Quickly figure out where a specific user has left files on a shared disk by showing cumulative (recursive) directory sizes and letting the user drill down in a file-explorer like Textual TUI showing only their files.

On a large HPC system with many shared project folders it can be easy to forget terabytes of result files deep in some directory hierarchy. A year later, when the system administrator complains that disk quotas are nearing 100% full, you have no idea where to start cleaning up old analysis results. Normal disk usage tools show directory sizes for all files, but you can only clean up your own messes, so you need a more specialized tool. Also, if every user has to perform a recursive file-system scan to figure out where they left files then the shared storage server, which was already struggling due to a nearly full disk, will slow down even more when it gets hammered by metadata requests ...

Periodically running mudus scan lets the system administrator keep a (relatively) up to date database of who has files where. Every user can run mudus to instantly see their own disk usage without running a full file-system scan themselves. The downside is that the effect of cleaning up is not reflected in the database until the next scan is performed.

Using mudus

You must first run mudus scan to build a database of cumulative/recursive directory contents. The database is stored in separate files for each user (file owner) and group in the mudus database directory. After scanning, you (or any other user with read access to the database) can use the mudus view command to figure out where on the large shared file system you have forgotten a bunch of data. Using mudus is probably overkill for single-user systems; see some alternatives listed below instead.

Scanning

You can launch a visual scanner using mudus scan or run in non-interactive mode by adding the --non-interactive flag. Run with the --help flag to see all options.

If you are sharing the disk usage database with others, you probably want to set the MUDUS_DB_DIR environment variable to point to a shared directory where the disk usage database is stored.

Non-interactive example:

export MUDUS_DB_DIR="/shared/.cache/mudus"
mudus scan --scan-dir /shared/dir_a --scan-dir /shared/dir_b --non-interactive

Interactive example:

Screenshot of mudus scan

Viewing the disk-usage database

Use the mudus command (short for mudus view) to show your disk usage and drill down into subdirectories to figure out where you have forgotten to clean out a closed project on a shared drive, or something similar. You can navigate with the arrow keys (right to enter a directory, left to leave, up and down to select directories) or go into the selected directory by pressing Enter (or click with the mouse). The q key will quit the program.
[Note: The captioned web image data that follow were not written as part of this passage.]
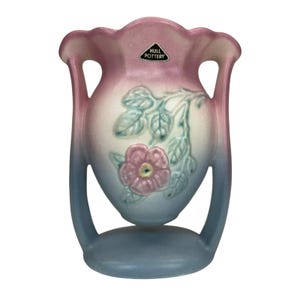 Puede incluir: Un jarrón de Hull Pottery con un diseño floral. El jarrón presenta un diseño de dos asas con una base azul claro que se desvanece en un cuerpo blanco y rosa. Una flor rosa y hojas verdes están en relieve en la parte delantera. La etiqueta Hull Pottery es visible.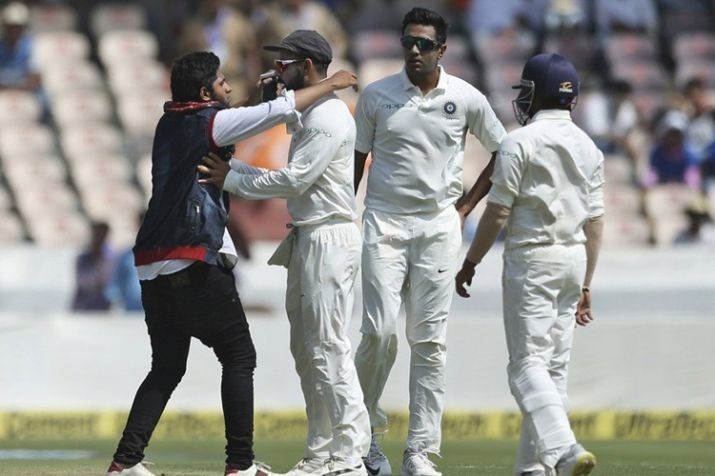 india vs west indies 2nd test day 1 fan breaches security tries to kiss virat kohli during live match Fan breaches security, tries to kiss Virat Kohli during live match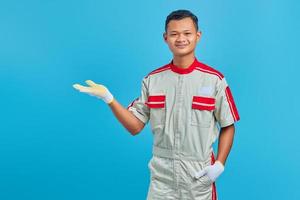 Portrait of smilling young Asian mechanic showing copy space in palms over blue background photo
Example of the Textual-based TUI:

Screenshot of mudus view

Installation

You can install and run mudus directly with pipx run mudus or uvx mudus if you have pipx or uv installed. Running pipx install mudus should make it available as mudus on the command line, or you can use uv tool install mudus if you would rather use uv.

You can also use pip install mudus and launch it as python -m mudus. By creating a Python virtual environment for mudus you can make it available to all users on a system, maybe with an executable /usr/bin/mudus script like this:

#!/bin/bash

source /path/to/virtual-environment/activate-script
export MUDUS_DB_DIR="/something/shared/mudus-db-dir"
python -m mudus "$@"

Alternatives

There are many great alternatives to mudus if you are on a single-user system, or you do not care about who owns the files, just the overall disk usage. One fast and easy tool is dua (Disk Usage Analyzer), which integrates the scan and view commands into one. When you start dua interactive, it spins up a bunch of threads to quickly walk the file system. This is relatively fast, but it can be unpopular on shared HPC systems where hammering the shared storage servers whenever you feel like it may not be the best idea.

Roadmap

The following items are on the mudus development roadmap:

  • Show group instead of user: You may want to see the disk usage for a given group instead of a given user. This should be a relatively small addition.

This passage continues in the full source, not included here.